Friday, 16 September 2011

Kim's Review: Sidetracked - An Inspector Wallander Mystery

When I had been to a Screening of "The Girl with the Dragon Tattoo" in Delhi last year. A lady with the Swedish Embassy whom I had a conversation with told me "If you loved Steig Larsson, you will ADORE Henning Mankell and Kurt Wallander"

Having met Henning Mankell earlier this year at JLF and listening to him speak. I knew I just HAD to start reading him. The BBC series "Wallander" just had me further intrigued. But it also made me lazy - If I could watch a well made tv series, should I spend more time on reading the books? Especially when my pile of "to read" books is toppling over itself?

I'm really glad for myself, that I answered that question with a "Yes"! I'd admired Mankel's plots through the televised series, but there is so much more than just a plot and a story in his books. The descriptions of the way of life, procedures etc give the reader an insight into life in Sweden. Since I read in English, I'm not sure if anything is being lost in translation, but even if it is, the books are still wonderful reads.

However, the plots are definitely not a reflection on life in Sweden.
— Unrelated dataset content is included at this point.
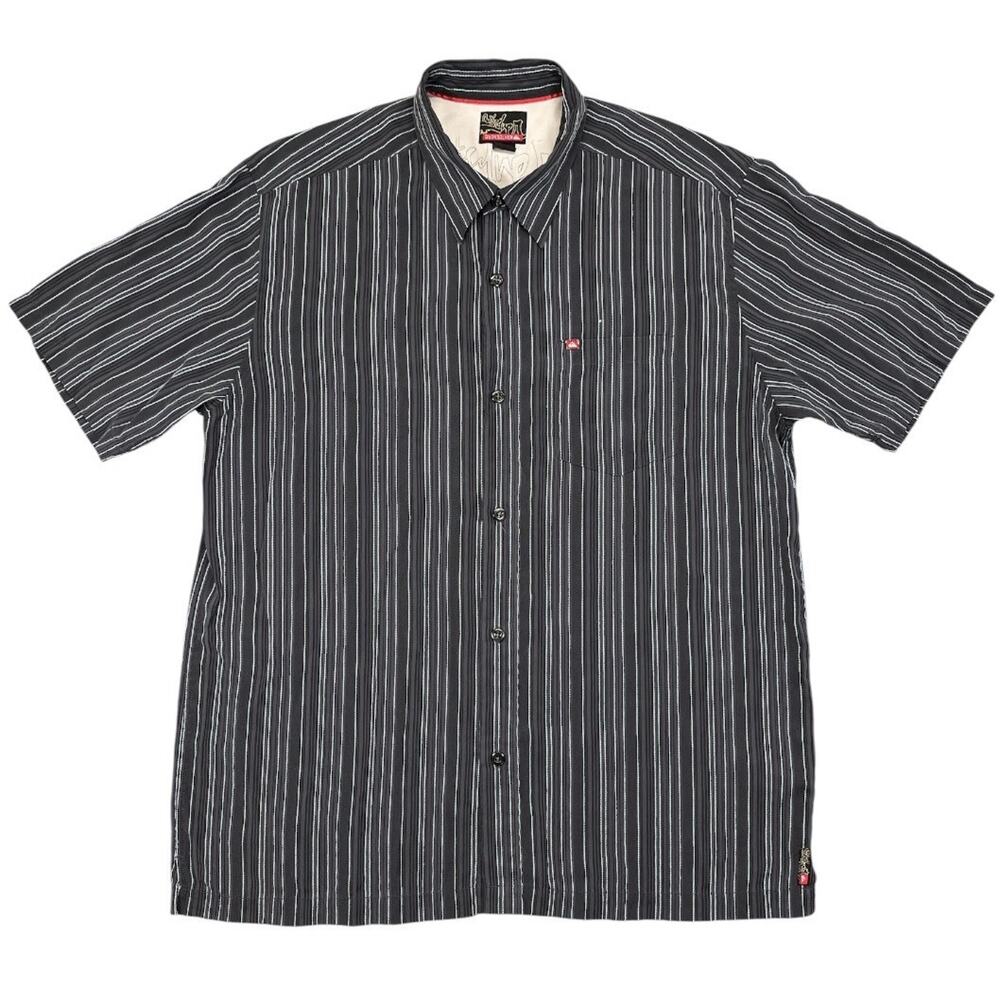 Vintage Quiksilver Mens Large L/G Shirt Striped Button Up Short Sleeve Black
Sweden has one of the lowest crime rates in the world, but the highest number of crime fiction writers in the world.

The plot begins with an unidentified girl committing suicide by setting herself on fire in a field, a former minister of justice is butchered and the body count just keeps piling up like a Tarantino movie and Inspector Kurt Wallander is forced to struggle to keep his professional life from destructing his personal life.

Rating : 3.8/5

1 comment:

jana said...

I would certainly prefer to read more foreign fiction which were translated from Swedish translation to english, or in any languages.Because in that way I could have an idea what do people think,feel or their culture is.When we read books from a foreign country it seems like travelling in that country through the stories plot.We could recognize how they have been living afar from our own culture.